Weave…part one & In Search of Holy Chop Suey, both by Tiger Princess Dance Projects, can also be seen at VIDF through Saturday, and a teaser can be seen here. Weave…part one “uses a contemporary dance framework to braid my mother’s life (second Sino-Japanese War); adopted into a Peranakan family as a baby, passed on to her Lau Ye at age 7 for convenience then discarded at age 19 on the death of the patriarch; with some of the situations I lived through and choices I made that crystalized who I became. Central to the solo is a questioning of the role/value of a woman in Asia – if all this has really changed with the passing of time.” Where or in what time-space does identity reside? Ng asks “How does someone else’s movement quality impact my own dancing self?” as she undertakes a pointed investigation for her solo, In Search of the Holy Chop Suey.

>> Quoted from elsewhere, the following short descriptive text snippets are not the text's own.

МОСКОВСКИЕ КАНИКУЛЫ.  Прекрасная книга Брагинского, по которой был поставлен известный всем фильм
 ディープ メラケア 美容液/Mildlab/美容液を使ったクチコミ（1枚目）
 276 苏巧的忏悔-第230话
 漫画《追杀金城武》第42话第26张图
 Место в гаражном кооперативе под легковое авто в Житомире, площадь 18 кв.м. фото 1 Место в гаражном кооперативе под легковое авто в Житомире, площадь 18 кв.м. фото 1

In it, she ponders a life of creation and imitation in movement and mines influences from sources as varied as her mother, modern dance and kung fu legends, ordinary people, wild animals and more. Says Ng, “When I imitate, I also uncover something unique in myself. Each time I fail to become more like my mother (or my favourite kung fu hero Bruce Lee), I become more me. The sound score and the spoken text of this solo include Chinese dialect Hokkien and Singlish. At the KW Production Studio, 8 pm.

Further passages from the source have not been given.